USDA Data Steer Commodity Markets as Corn Slips, Soybeans and Cattle Advance
USDA supply updates alongside fresh export tallies shaped the week’s close.
Overview
- Futures closed Friday with corn lower, soybeans higher on soymeal strength, wheat softer, live cattle at fresh contract highs, hogs mostly lower, and cotton little changed.
- USDA’s April WASDE, a monthly supply‑and‑demand report, kept U.S. corn ending stocks at 2.127 billion bushels, raised world corn and wheat inventories, and shifted soybeans toward more crush and fewer exports to keep soybean carryout at 350 million bushels.

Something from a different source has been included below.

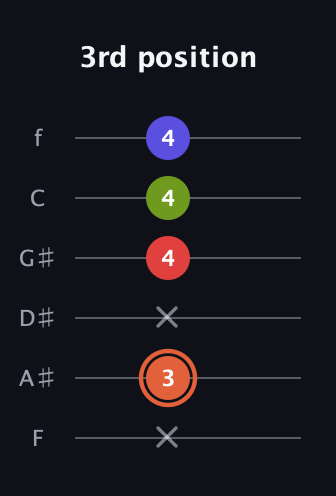 C♯ Minor major 7th Sharp 5th guitar tab — 3rd position (x 3 x 4 4 4) in Half-Step Down (E♭A♭D♭G♭B♭E♭) · Capo 2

- Export Sales released Thursday showed strong old‑crop corn bookings at 1.36 million metric tons for the week and total U.S. corn commitments at 71.387 MMT, alongside flash sales of 126,640 MT of corn to unknown buyers and 100,000 MT of soybean meal to Italy.
- Positioning data out Friday showed funds cutting 49,342 contracts from their corn net long and adding to live cattle longs, a mix that helped pressure corn prices and support cattle, while soybean spec longs were trimmed and bean oil longs hit a record.
- Traders balanced brisk U.S. corn business against larger global stock estimates, a tension that kept corn under pressure this week even as cotton stayed firm on steady sales and cattle cash trade near $246 to $250 signaled tight supplies for packers and feedlots.